Data Storage on the Lovelace Cluster

The Lovelace cluster has an IBM Spectrum Scale (also known as GPFS) filesystem with approximately 2 PiB of data storage available. This storage is provided by two types of phyiscal disks; very fast SSD disks and HDD disks. THe data is stored using RAID 6 (dual parity) meaning that for any data loss to occur, at least 3 drives must fail – in fact, theoretically, a higher number of failures can occur without data loss if the failing drivers are not part of the same internal array (for example, in the event that 2 SSDs and 2 HDDs fail simultaneously, data availability is still guaranteed).
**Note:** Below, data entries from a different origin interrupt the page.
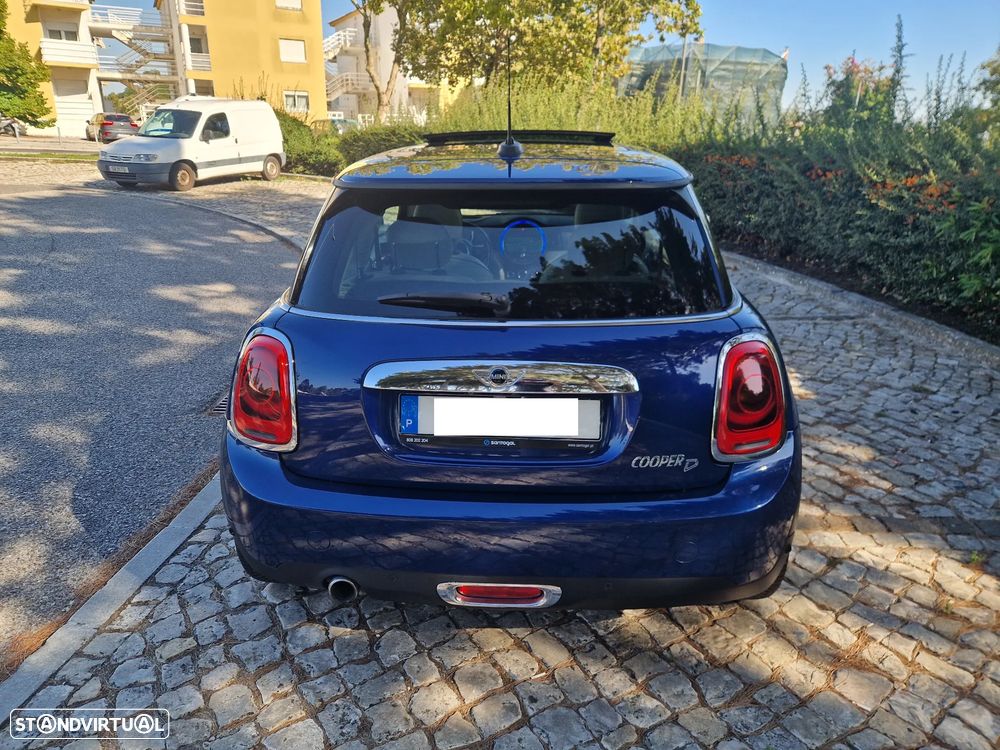 MINI 3 Portas Cooper D - 3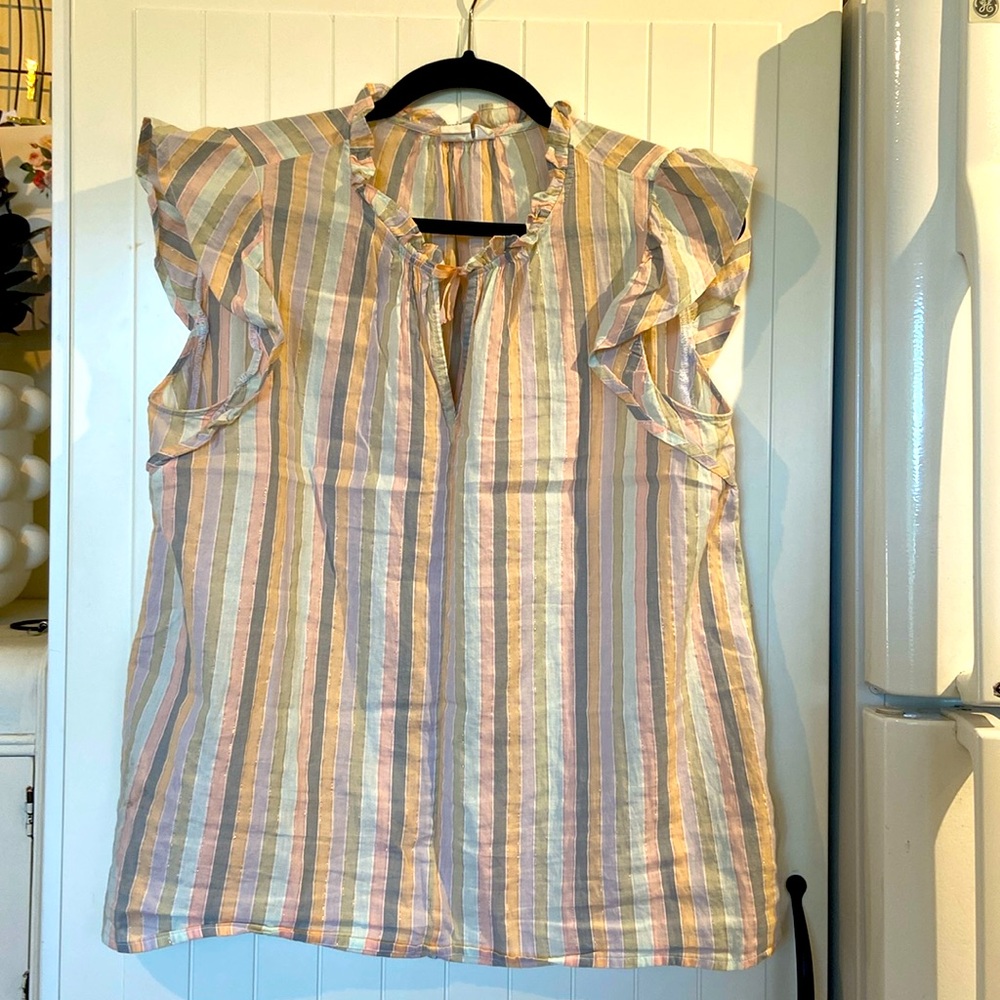 GAP Darling ruffle cap sleeve striped blouse L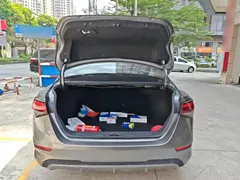 2021 Nissan Sylphy 1.6L XL CVT — фото 19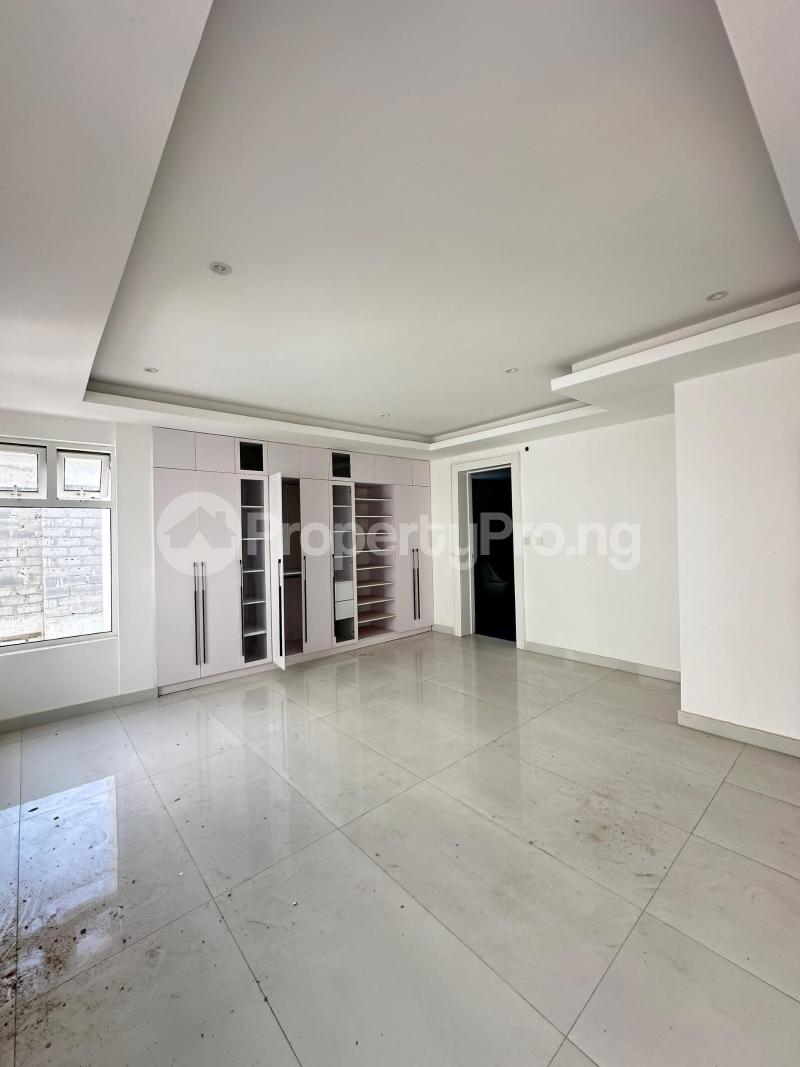 4 bedroom House for sale Banana Island Ikoyi Lagos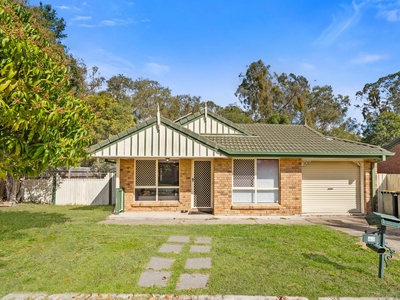 Family Starter or Great Investment in Peaceful Pocket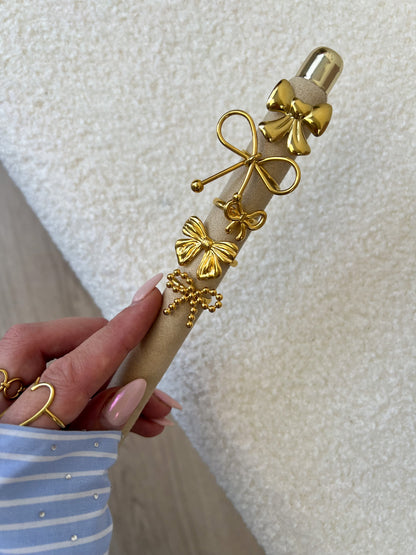 Ring strik met bolletjes patroon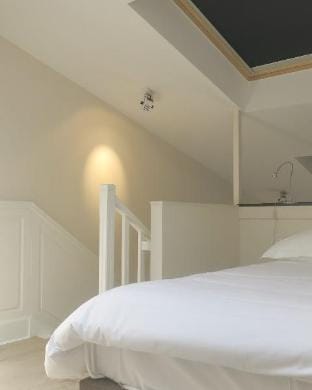 Mini Loft Daval CityCosy Apartment in Paris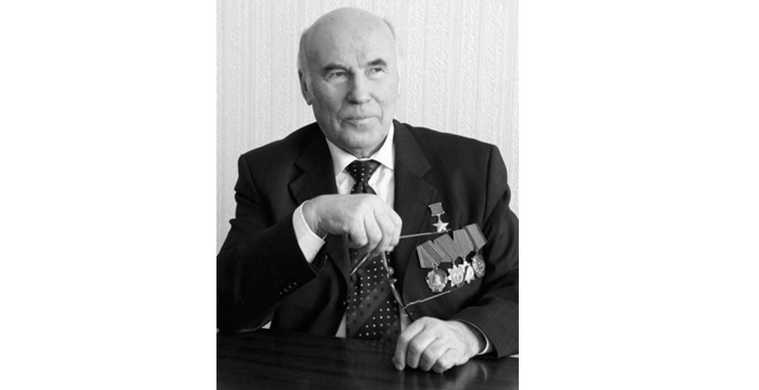 Михаил Высоцкий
On the Lovelace cluster, users have access to two filesystems, /users and /scratch over which the 2 PiB capacity is distributed. Home directories of users on the lovelace cluster are under /users (for example /users/apraveen). The /scratch directory is used for bulk storage and project data storage. Users can use the commands below to see files inside these directories.

df -h /users /scratch
ls -lah /users
ls -lah /scratch
find /users
find /scratch

Users should notice their own home directory in the output of ls -lah /users. Users should also have been allocated one or multiple directories under /scratch corresponding to the projects they are part of. Please move data (for example, using the mv command) to the /scratch directory where possible; particularly when storing data for a long period of time, such as for the duration of a project.

Note

User data on the Lovelace cluster is not backed up. Although it is stored using reliable parity-based schemes and the file system is monitored by the HPC Admin Team, it should not be the sole location where important data is stored. Users should back up important data to at least one other location such as Microsoft OneDrive.

Performance Notes

As the cluster has both very fast SSD storage and HDD storage, the HPC Admin Team will migrate data so that ‘hot’ data is on the SSD disks and ‘cold’ data is on HDD disks. Because more storage is available on the /scratch filesystem, it may be more likely that your data remains on the hot storage if you store your data on the /scratch filesystem. The heuristic used to determine whether data is hot or cold is simply the time at which the data was most recently accessed and files are prioritised in order of this.

Users can use the command below to determine whether a file is on the SSD storage or on the HDD storage. If on the SSD storage, the output will show storage pool name: system. If on the HDD storage, the output will show storage pool name: data.

/usr/lpp/mmfs/bin/mmlsattr -L FILENAME

If users would like to request or advise us to store data on a specific storage type, please send the HPC Admin Team an email.